El autorretrato de la literatura
Ejercicios para el endurecimiento del espíritu
Gabriela Wiener
La Bella Varsovia
104 páginas | 12 euros
Gabriela estás en la edad de ser valiente / así que lo seré”. Con estos versos pone punto final a su poemario Gabriela Wiener. Ejercicios para el endurecimiento del espíritu es un título arrancado de otro cuerpo textual, Claus y Lucas, novela de Agota Kristof. Wiener es valiente por su manera de autorretratarse y de utilizar la lengua literaria. Por su manera de utilizar la lengua literaria para autorretratarse como mujer y conseguir que el autorretrato modifique la lengua literaria. Wiener es violenta y tierna porque, pese a las convenciones, los días de San Valentín y los algodonosos conejitos de los poppy cards, la ternura siempre lo es. Violenta. Ahí es donde adquiere significado la elección del título, esos Ejercicios para el endurecimiento del espíritu, que forman parte de la educación —el adiestramiento— de Claus y Lucas: ellos logran endurecerse con y frente a los discursos del horror, el insulto y las represiones, pero se desarman y lloran como niños ante el recuerdo de la perdida ternura de su madre. Gabriela Wiener habla de socialización, de la construcción de una identidad femenina a través del discurso siempre violento de las madres, porque la educación, incluso el amor tal como lo entendemos, siempre es un modo de violentar al otro. El discurso de una madre consiste en actitudes, castigos, halagos. La madre de este poemario es la madre en quien quizá no nos queremos convertir.

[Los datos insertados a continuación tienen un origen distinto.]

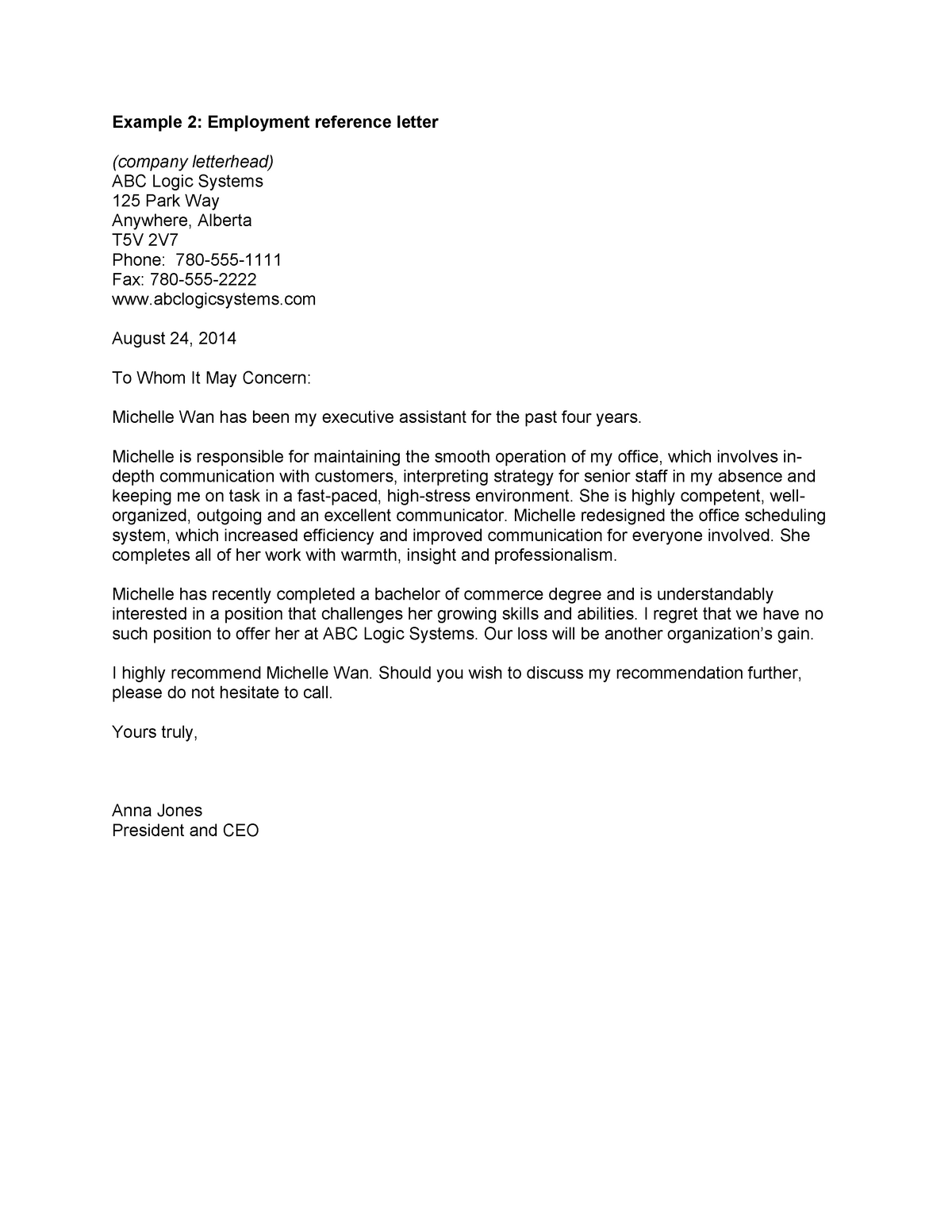 Professional Letter Of Reference Of Employment Example 2 Employment Reference Letter Company 5736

La voz se torna especialmente violenta cuando alude a un cerco del que nadie escapa: sexo, cuerpo, duplicaciones, juegos, simulaciones. La simulación de una maternidad en la que una niña tortura a su muñeca. Como todas las niñas. Como todas las madres en las que no nos queremos convertir y en las que es probable que nos convirtamos. Escribe Wiener: “siempre estoy de puntillas/ como una mosca en la muñeca de mi hija.” “Hago una vida de puntillas” es un poema excelente. Igual que “Pelos” y “La piel de un animal que no sabe protegerse”, un texto del que extraigo una conclusión: en las metamorfosis —en las adolescencias— sufrimos como el hombre lobo cuando las manos se le llenan de pelos y se le retuercen las costillas, se descoyunta y se pone a cuatro patas.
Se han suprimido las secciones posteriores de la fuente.